* TASK *
Of all the entries below, only the lines from the one with "Automatic Night Vision" up to and including the one with "mt. maynuba sea of clouds" are to be duplicated exactly.

::: PROVIDED RECORDS

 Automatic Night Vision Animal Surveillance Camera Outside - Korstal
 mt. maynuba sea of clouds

::::::
::: PROVIDED RECORDS

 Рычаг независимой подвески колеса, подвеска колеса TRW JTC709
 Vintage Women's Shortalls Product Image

::::::
::: PROVIDED RECORDS

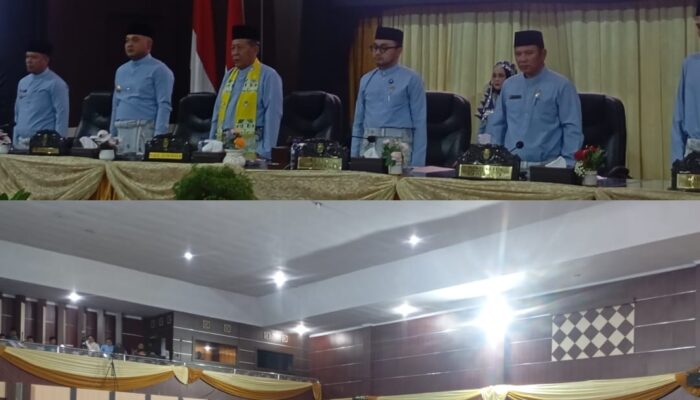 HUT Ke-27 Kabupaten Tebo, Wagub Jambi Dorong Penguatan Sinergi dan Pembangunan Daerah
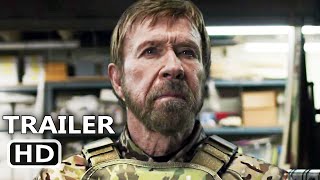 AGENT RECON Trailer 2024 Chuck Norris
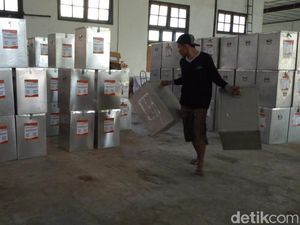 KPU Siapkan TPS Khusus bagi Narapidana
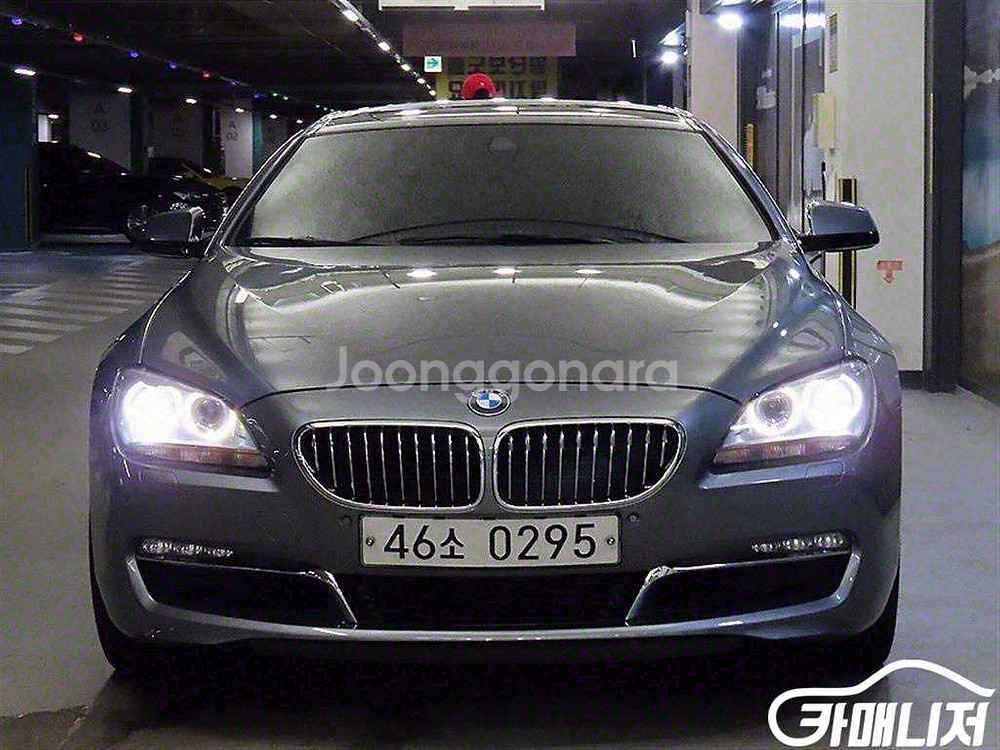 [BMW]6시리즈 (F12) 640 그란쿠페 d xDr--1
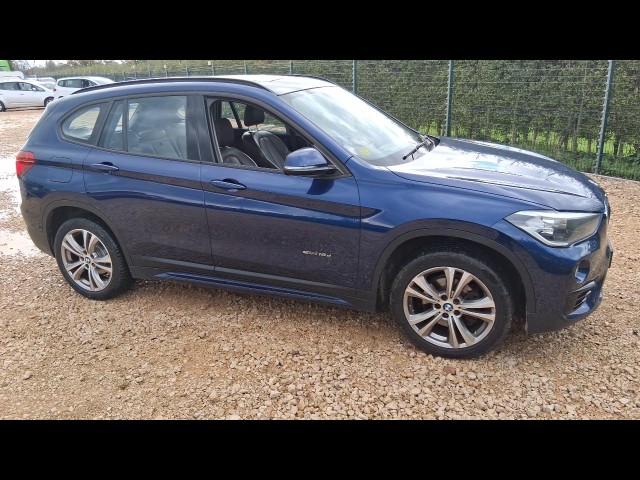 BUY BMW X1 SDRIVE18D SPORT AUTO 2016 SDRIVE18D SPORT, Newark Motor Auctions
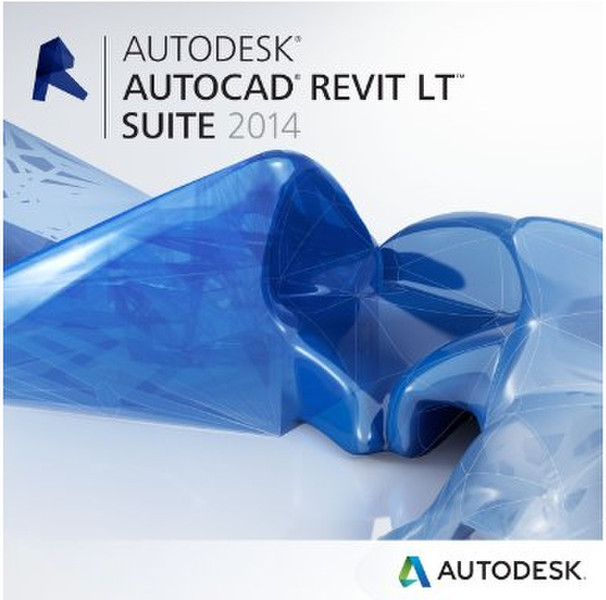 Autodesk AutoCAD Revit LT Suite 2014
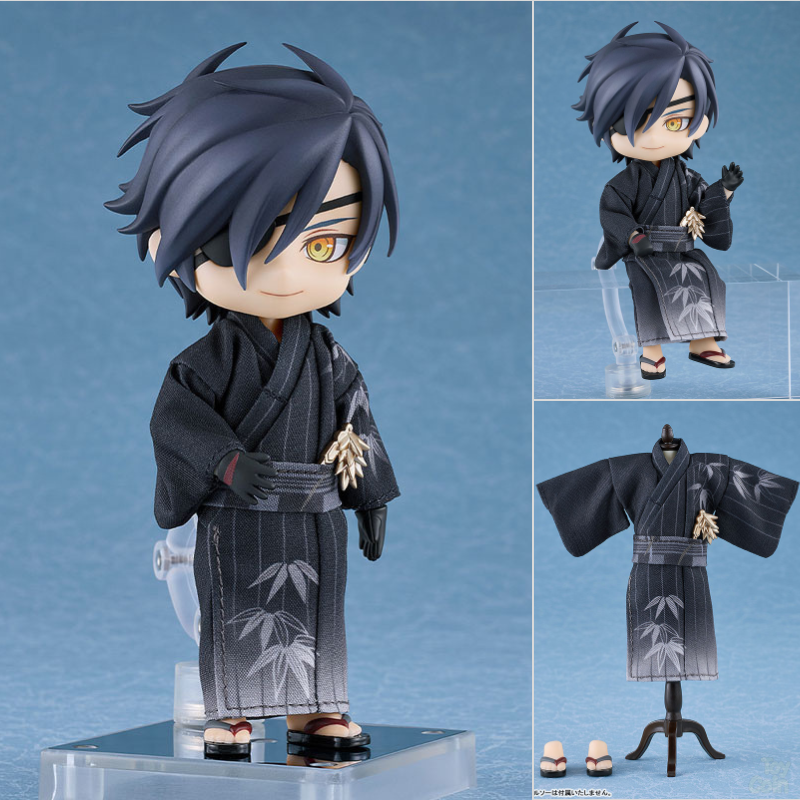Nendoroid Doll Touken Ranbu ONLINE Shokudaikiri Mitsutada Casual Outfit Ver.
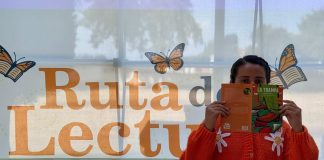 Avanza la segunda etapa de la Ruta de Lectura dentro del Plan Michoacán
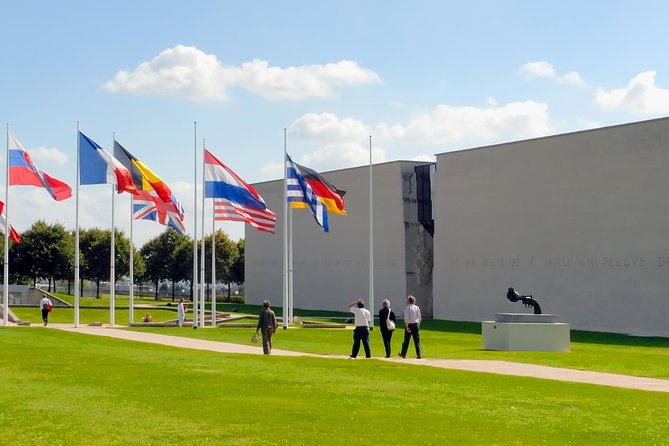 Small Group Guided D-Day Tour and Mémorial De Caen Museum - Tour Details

::::::

* TASK RESPONSE *
 Automatic Night Vision Animal Surveillance Camera Outside - Korstal
 mt. maynuba sea of clouds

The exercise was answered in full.